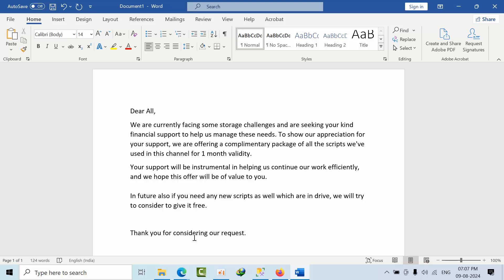In future also, if you need any additional new scripts which are already used in these scripts or new scripts that are there in Google Drive, we will try to give it free only. The relationship is more important; money is secondary for us.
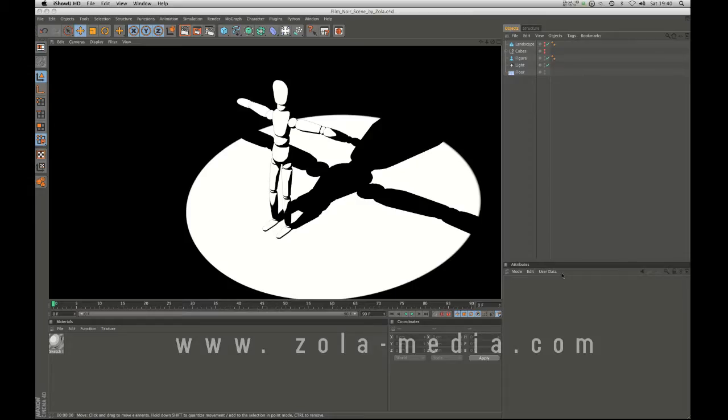Hey what's up guys, this is Zola and I'm back with a Cinema R12 tutorial.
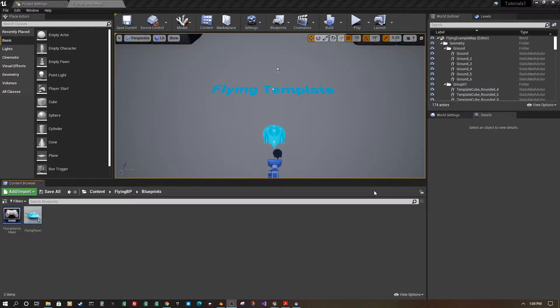Hello and welcome to another tutorial from Mike Dolan Games. I'm going to show you a quick way to switch vehicles in Unreal Engine 4 using blueprints.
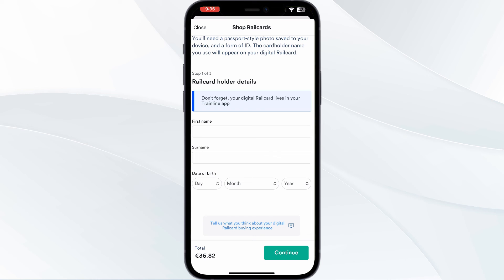After you are done, you can proceed to your payment. Once your payment is done, your rail card will be successfully added to your Trainline app.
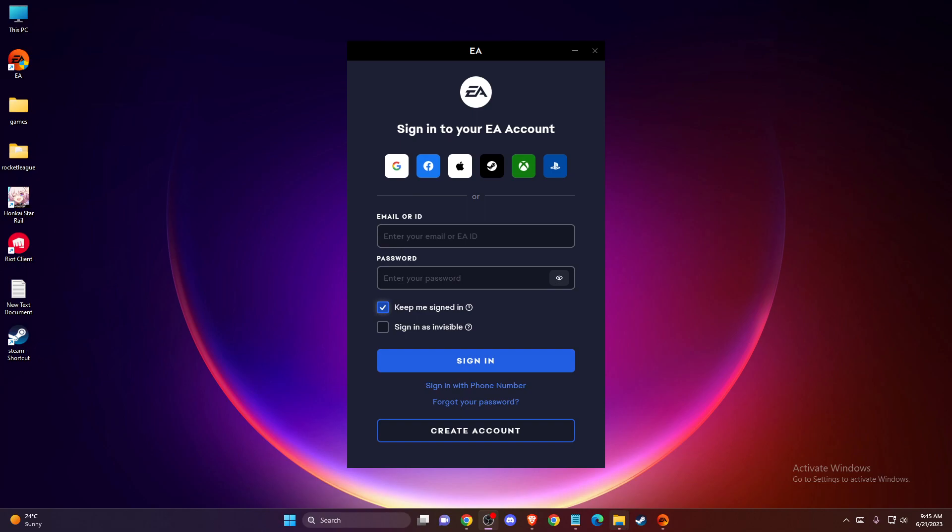Hey guys, in this video I will show you how you can migrate your Apex Legends account from Steam to the new EA app. Super fast and simple, so without further ado, let's get started.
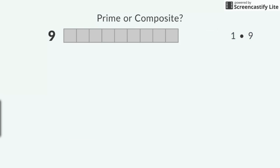I can make another rectangle with exactly 9 squares that has 3 rows with 3 squares each. Because the dimensions of the rectangle are 3 by 3, 3 is also a factor of 9.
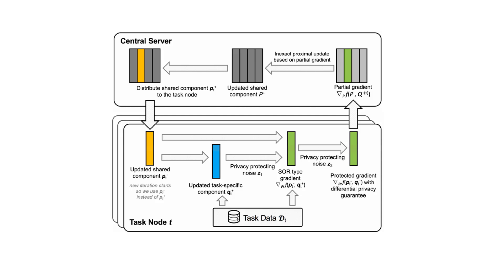Here's the overall system. In each task node, task-specific component Q is updated and noise is added to protect its privacy. With previously updated shared component P, this task node sends noisy gradient to the central server asynchronously.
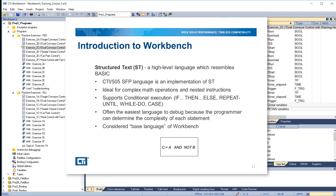Structured text is a high-level language which resembles BASIC. The special function programming language used in CTI and Somatic 505 CPUs is an implementation of structured text. It is ideal for complex math operations and nested instructions. It supports conditional execution using if-then-else, repeat-until, and while-do or case. It is often the easiest language to debug because the programmer can determine the complexity of each statement. Structured text is considered the base language of Workbench.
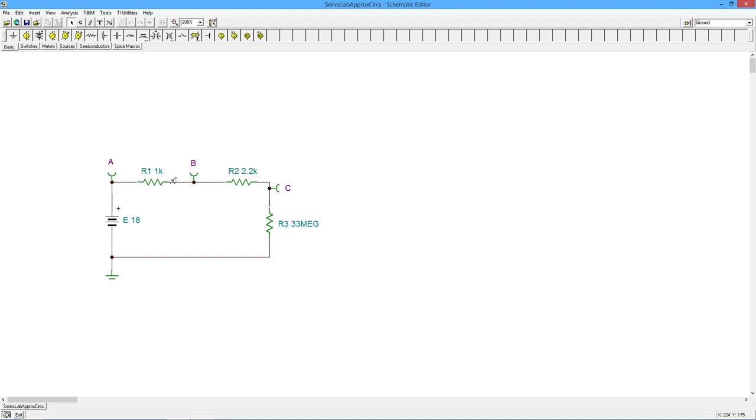But it would still be true, right? KVL still has to be true, that the drops on the resistors have to sum up to whatever that impressed voltage source is. All right, there you have it.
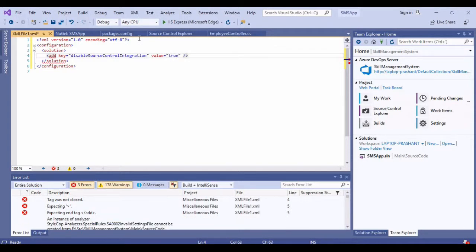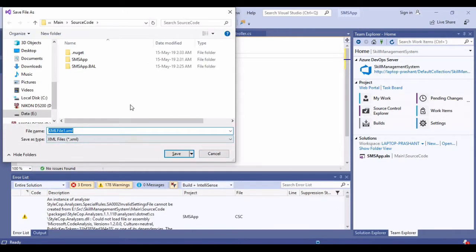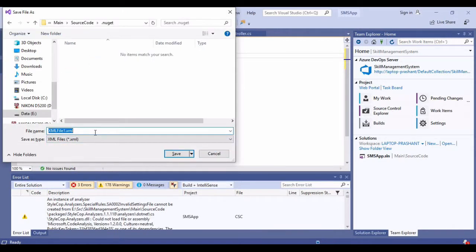Over here what I will do is I will simply say add new file. I need to add an XML file, so I will open it.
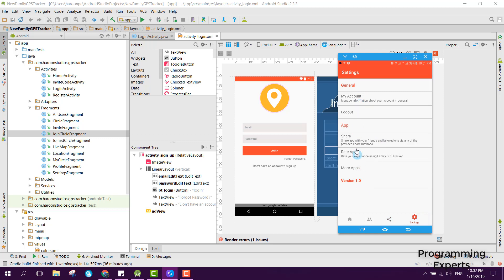Please install my app and click the rate app button. If you think this app is good, please give me five stars. I hope you have a basic idea of the app. If you like the video, please like, share, and subscribe. Goodbye.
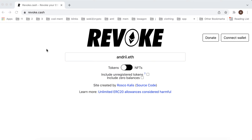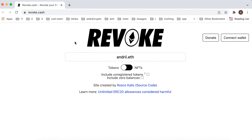Here is revoke.cash. So what it does — it helps to revoke your Ethereum token allowances.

· · · · ·

• PROBLEM REQUIREMENTS
Could you give the listing again exactly, minus its pictures?

• ANSWER FOR THIS EXERCISE
In future also, if you need any additional new scripts which are already used in these scripts or new scripts that are there in Google Drive, we will try to give it free only. The relationship is more important; money is secondary for us.
Hey what's up guys, this is Zola and I'm back with a Cinema R12 tutorial.
Hello and welcome to another tutorial from Mike Dolan Games. I'm going to show you a quick way to switch vehicles in Unreal Engine 4 using blueprints.
After you are done, you can proceed to your payment. Once your payment is done, your rail card will be successfully added to your Trainline app.
Hey guys, in this video I will show you how you can migrate your Apex Legends account from Steam to the new EA app. Super fast and simple, so without further ado, let's get started.
I can make another rectangle with exactly 9 squares that has 3 rows with 3 squares each. Because the dimensions of the rectangle are 3 by 3, 3 is also a factor of 9.
Here's the overall system. In each task node, task-specific component Q is updated and noise is added to protect its privacy. With previously updated shared component P, this task node sends noisy gradient to the central server asynchronously.
Structured text is a high-level language which resembles BASIC. The special function programming language used in CTI and Somatic 505 CPUs is an implementation of structured text. It is ideal for complex math operations and nested instructions. It supports conditional execution using if-then-else, repeat-until, and while-do or case. It is often the easiest language to debug because the programmer can determine the complexity of each statement. Structured text is considered the base language of Workbench.
But it would still be true, right? KVL still has to be true, that the drops on the resistors have to sum up to whatever that impressed voltage source is. All right, there you have it.
Over here what I will do is I will simply say add new file. I need to add an XML file, so I will open it.
Please install my app and click the rate app button. If you think this app is good, please give me five stars. I hope you have a basic idea of the app. If you like the video, please like, share, and subscribe. Goodbye.
Here is revoke.cash. So what it does — it helps to revoke your Ethereum token allowances.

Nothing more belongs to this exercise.